Firewall rules should restrict communication to the minimum required for each system’s function. Cross-VLAN communication to enterprise systems (AD, M365) goes through the firewall, not around it.

Common pitfalls

  • No IT involvement at project initiation, smart building projects that start without IT produce systems that can’t integrate, aren’t secured, and need expensive retrofitting
  • Proprietary sensor ecosystems, some building automation vendors use proprietary protocols and locked-in hardware. Specify open protocols (BACnet, MQTT, REST API) in your procurement documents
  • Privacy impact assessment skipped, camera-based occupancy sensing and employee location data require GDPR privacy impact assessments. Do these before deployment, not after
  • No data governance, occupancy data is useful; occupancy data retained indefinitely without a policy is a liability.
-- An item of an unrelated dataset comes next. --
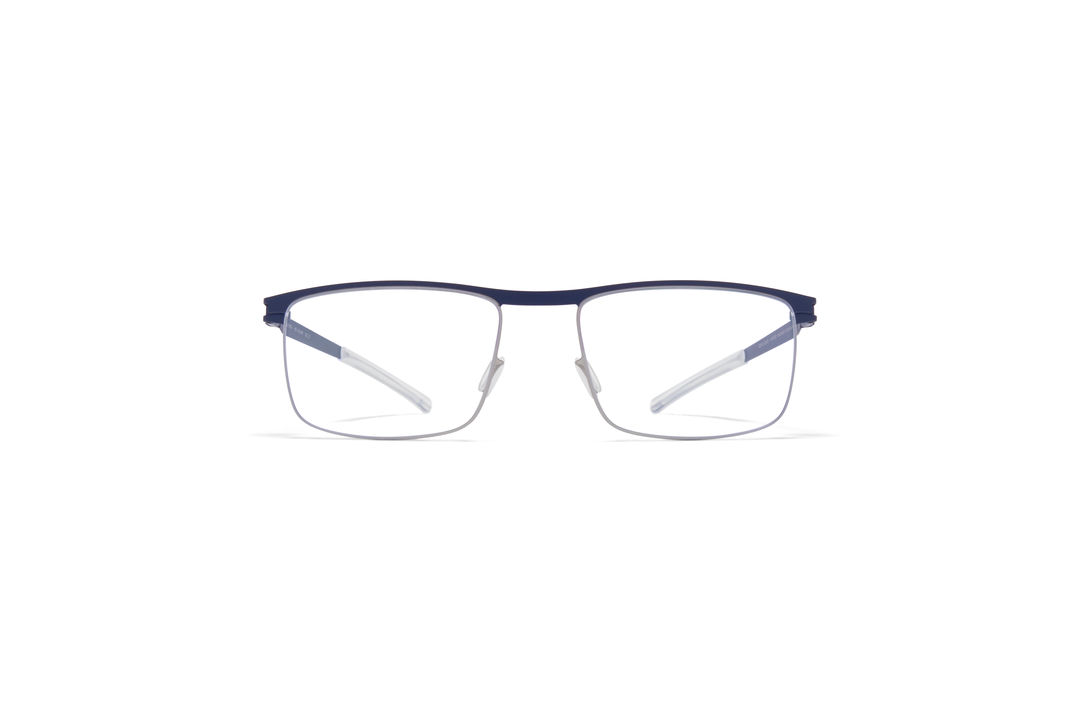 MYKITA No1 Rx Stuart Navy Silver Lacquer Clear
Define retention, access, and deletion policies at project start

Bottom line

Smart building technology delivers real value when IT and facilities work together from the start. Begin with occupancy and environmental sensing, high ROI, low complexity, good data foundation. Build toward integration with BMS, access control, and digital communications as the data strategy matures. The IT manager who leads this conversation rather than being asked to “just connect it” will have significantly more influence over the outcome.